| 要旨トップ | 目次 | 日本生態学会第63回全国大会 (2016年3月、仙台) 講演要旨
ESJ63 Abstract


一般講演(口頭発表) H2-22 (Oral presentation)

沖縄島に生息する国内外来種サキシマハブの食性

*寺田考紀(沖縄県衛生環境研究所),松井創(沖縄県公衆衛生協会)

八重山諸島が原産のサキシマハブ Protobothlops elegansは,1970年代頃から県内の複数の施設により沖縄島に持ち込まれており,1976年に糸満市米須にある施設で飼養していた約100個体が盗難後に放され,その後広がったと考えられている.近年,住民やハブ捕り人への聞き取りや,トラップを用いた捕獲による分布調査が行われ,糸満市を中心に八重瀬町の一部にかけた半径約5kmに本種の生息が確認された.国内外来種であるサキシマハブは有毒で人的危険性が高いことから, 県や市町村により従来から取り組まれているハブ対策の一環として防除作業が行われ,これまでに多くの個体数が捕獲されている.

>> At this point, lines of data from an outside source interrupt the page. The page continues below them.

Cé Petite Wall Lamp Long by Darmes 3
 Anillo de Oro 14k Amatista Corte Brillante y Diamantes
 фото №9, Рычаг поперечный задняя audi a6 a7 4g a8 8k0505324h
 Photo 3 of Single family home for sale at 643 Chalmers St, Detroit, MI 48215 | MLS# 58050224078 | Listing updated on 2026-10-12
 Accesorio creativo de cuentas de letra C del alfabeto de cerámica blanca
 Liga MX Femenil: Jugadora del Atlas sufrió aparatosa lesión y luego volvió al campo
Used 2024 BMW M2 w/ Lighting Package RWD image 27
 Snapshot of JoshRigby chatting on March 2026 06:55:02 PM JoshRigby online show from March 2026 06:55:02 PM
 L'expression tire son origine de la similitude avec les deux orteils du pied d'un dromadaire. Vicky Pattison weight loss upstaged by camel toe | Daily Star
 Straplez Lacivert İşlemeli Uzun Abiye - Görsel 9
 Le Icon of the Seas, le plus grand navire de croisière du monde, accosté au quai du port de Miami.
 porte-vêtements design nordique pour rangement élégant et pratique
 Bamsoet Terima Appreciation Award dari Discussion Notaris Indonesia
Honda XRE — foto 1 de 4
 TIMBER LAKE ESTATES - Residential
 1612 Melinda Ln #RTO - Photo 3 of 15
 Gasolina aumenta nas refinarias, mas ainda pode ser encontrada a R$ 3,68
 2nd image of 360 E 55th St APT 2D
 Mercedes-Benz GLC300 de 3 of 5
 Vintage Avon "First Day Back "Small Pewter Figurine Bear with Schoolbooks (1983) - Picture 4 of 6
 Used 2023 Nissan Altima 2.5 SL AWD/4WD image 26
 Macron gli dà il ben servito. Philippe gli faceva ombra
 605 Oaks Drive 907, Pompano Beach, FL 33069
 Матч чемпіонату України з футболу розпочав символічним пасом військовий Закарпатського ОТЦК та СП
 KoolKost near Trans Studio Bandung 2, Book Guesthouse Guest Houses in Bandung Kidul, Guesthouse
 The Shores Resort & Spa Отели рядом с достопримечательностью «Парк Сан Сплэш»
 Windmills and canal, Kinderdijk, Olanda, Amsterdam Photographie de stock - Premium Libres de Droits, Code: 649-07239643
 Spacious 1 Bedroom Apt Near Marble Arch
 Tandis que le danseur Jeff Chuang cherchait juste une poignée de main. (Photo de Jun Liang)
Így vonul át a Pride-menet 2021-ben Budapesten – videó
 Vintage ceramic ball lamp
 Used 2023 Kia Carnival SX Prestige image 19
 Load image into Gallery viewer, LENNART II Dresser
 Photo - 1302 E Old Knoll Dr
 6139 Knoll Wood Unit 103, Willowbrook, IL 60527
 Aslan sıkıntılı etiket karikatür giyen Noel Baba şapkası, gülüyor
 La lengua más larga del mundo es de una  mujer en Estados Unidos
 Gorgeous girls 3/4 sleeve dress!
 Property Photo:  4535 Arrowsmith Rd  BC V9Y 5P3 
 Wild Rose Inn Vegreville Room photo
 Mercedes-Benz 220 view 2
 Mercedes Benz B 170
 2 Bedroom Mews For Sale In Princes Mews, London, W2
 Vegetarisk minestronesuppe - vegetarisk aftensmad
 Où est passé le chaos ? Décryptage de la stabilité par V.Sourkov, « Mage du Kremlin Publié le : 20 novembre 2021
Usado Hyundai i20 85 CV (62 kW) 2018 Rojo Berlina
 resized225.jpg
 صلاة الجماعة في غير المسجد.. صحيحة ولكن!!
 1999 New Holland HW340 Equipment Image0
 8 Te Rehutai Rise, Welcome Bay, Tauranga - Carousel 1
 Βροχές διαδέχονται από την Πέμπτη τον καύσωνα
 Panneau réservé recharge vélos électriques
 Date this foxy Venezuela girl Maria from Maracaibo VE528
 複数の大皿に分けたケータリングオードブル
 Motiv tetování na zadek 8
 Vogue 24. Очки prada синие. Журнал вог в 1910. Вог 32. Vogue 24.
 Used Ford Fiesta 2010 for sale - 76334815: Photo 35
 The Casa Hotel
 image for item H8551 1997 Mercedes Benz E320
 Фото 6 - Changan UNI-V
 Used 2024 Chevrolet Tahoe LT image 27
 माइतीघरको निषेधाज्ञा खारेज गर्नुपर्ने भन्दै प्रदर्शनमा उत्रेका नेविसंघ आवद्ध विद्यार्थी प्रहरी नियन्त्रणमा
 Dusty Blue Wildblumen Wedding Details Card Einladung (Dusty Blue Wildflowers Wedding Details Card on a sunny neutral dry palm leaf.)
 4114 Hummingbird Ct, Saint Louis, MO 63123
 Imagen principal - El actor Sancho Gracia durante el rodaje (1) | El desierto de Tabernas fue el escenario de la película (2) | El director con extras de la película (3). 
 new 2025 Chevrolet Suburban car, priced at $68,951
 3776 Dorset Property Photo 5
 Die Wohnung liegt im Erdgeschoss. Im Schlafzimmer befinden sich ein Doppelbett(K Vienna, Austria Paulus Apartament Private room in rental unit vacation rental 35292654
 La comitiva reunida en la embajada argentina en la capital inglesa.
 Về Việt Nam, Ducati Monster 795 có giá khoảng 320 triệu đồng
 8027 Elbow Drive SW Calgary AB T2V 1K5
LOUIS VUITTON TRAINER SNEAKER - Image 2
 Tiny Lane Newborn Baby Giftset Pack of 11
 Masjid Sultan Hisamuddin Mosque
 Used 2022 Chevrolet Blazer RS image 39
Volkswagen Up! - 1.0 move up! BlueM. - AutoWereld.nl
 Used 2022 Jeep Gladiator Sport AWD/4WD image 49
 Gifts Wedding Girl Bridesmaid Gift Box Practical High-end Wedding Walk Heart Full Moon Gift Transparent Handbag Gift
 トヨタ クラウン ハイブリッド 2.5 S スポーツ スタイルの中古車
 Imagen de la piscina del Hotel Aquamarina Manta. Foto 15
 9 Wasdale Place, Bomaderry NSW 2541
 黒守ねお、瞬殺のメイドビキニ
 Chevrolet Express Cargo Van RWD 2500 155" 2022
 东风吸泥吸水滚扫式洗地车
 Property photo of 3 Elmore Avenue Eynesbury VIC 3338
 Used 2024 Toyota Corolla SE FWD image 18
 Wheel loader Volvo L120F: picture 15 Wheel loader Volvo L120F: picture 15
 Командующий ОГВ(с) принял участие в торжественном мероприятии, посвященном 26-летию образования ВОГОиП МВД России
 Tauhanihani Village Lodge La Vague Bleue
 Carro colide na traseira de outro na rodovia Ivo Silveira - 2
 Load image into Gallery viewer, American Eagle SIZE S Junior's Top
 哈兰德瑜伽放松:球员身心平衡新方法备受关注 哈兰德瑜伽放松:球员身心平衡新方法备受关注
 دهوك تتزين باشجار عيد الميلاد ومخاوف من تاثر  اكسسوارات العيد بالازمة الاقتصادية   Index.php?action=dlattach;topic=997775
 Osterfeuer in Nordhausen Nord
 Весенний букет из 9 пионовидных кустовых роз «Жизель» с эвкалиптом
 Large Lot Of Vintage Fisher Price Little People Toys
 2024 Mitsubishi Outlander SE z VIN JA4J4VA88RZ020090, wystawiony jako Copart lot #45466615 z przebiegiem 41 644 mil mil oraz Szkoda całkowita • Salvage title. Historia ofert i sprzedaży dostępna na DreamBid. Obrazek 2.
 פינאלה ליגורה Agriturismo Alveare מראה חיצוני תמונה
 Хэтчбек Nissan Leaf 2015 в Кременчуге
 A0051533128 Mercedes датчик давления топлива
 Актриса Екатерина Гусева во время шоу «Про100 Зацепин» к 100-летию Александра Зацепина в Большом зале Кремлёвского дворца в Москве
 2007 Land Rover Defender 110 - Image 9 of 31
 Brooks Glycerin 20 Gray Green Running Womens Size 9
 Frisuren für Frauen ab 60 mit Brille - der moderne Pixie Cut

本研究は,2012-2014年に糸満市と八重瀬町で直接捕獲されたサキシマハブの胃内容物を調べ,沖縄島での食性について推察した.156の胃内容物が得られ,内訳は哺乳類48(31%),鳥類1(1%),爬虫類45(29%),両生類40(26%)であった.ヘビとしては幅広い食性と言える.在来のハブとは異なる食性であり,同属同士の餌の競合はないと思われる.しかし爬虫類の内訳に,天然記念物のクロイワトカゲモドキを含まれており,捕食圧による生息域の生態系に与える影響が懸念される.